When a report on how many hours have been worked in your company over the last month takes 19 hours to run, it’s reasonable to assume something has gone wrong. But how do you find the cause?
Horrified picture from Shutterstock
Australian infrastructure delivery company Tenix was experiencing that problem with its monthly reports, which cover 1200 users across some 70 sites. IT manager Andrew Pamfleet eventually identified the cause as I/O bottlenecks on the storage area network in its Melbourne data centre, which relied on an ageing HP EVA storage array.
Six months ago, Tenix upgraded its storage to a Nimble Storage adaptive flash system (which uses SSD for cacheing and relies on processing power to rapidly write data to conventional hard drives). That has resulted in an immediate improvement, Pamfleet said at a media lunch to launch Nimble’s new CS700 array. The report now runs in a much more reasonable 2 hours and 23 minutes.
“Our JD Edwards ERP system had some reporting issues,” he said. “With the Nimble box, we were able to turn that around. We haven’t been able to get the box to break a sweat as yet.” The smaller size of the gear has also reduced per-rack charges, since the system takes up just three rack units, rather than 48.
Incidentally, that doesn’t mean the existing HP kit is being dumped. The system is being redeployed in a non-production environment outside the hosting centre.
The lesson? While it’s tempting to blame software performance problems on the software, the cause often lies elsewhere — and solving it may deliver additional cost benefits.
Comments
4 responses to “The Horror Of The 19-Hour Report”

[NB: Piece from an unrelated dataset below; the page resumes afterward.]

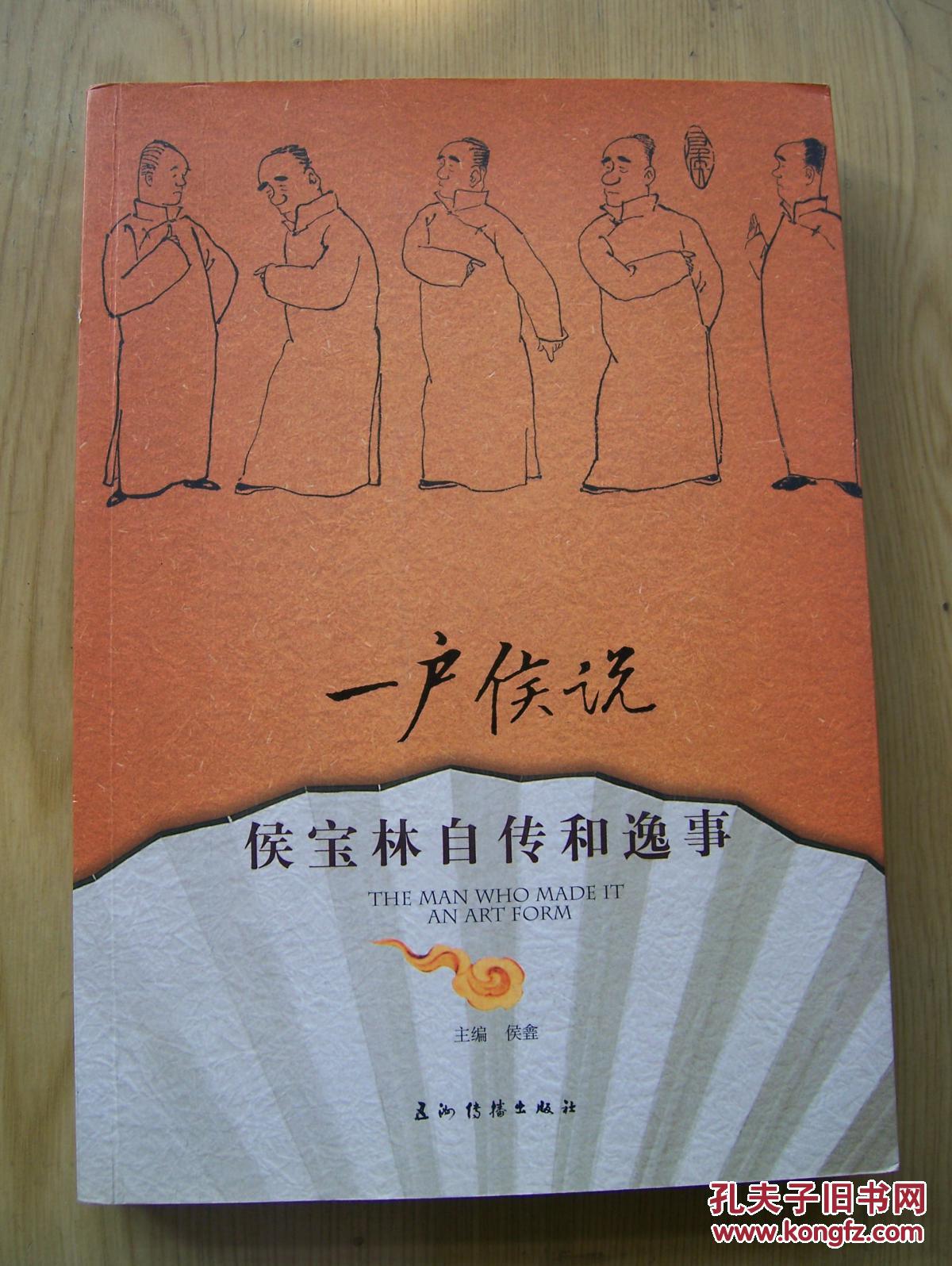 AG亚娱集团官方:
关于头条文章创作(图2) AG亚娱集团官方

But throwing money at the problem is only a bandaid solution, think about it, if the company increases in size that means more users to process and thus the time it takes to run the report would start blowing out again.
I would be asking a few more questions about the report and its design as well. Roughly 80% of all database performance improvements is optimizing your SQL code in the application or report.
JDE Reports taking a long time to run?? Say it ain’t so!
I concur with Marty. 1200 users, 19 sites, report of hours worked in a month… Let’s be generous and say users are logging tasks averaging 15 minutes each, which is extremely high resolution from what I’ve seen from most time logs. 32 logs a day, 5 days a week, 4 weeks a month, 1200 users, 768,000 records in total per month. Really seems like small fry numbers. They must be wrestling with some kind of unavoidable handicap, like poor database design or just generally bloated, awful enterprise systems, and have to throw raw power at the problem.
Sadly this is probably true, there is a lot of terrible enterprise software out there, and the CxOs are just sheep and install whatever the bigger one in front of them has, regardless of whether it is any good or not. And as much as we don’t think about it much, poorly performing software consumes more power, and thus can have a significant carbon footprint of their own. Fortunately tuning one poorly performing application can significantly reduce the power footprint of an application. No other industry can reduce their carbon footprint so easily as the enterprise software industry.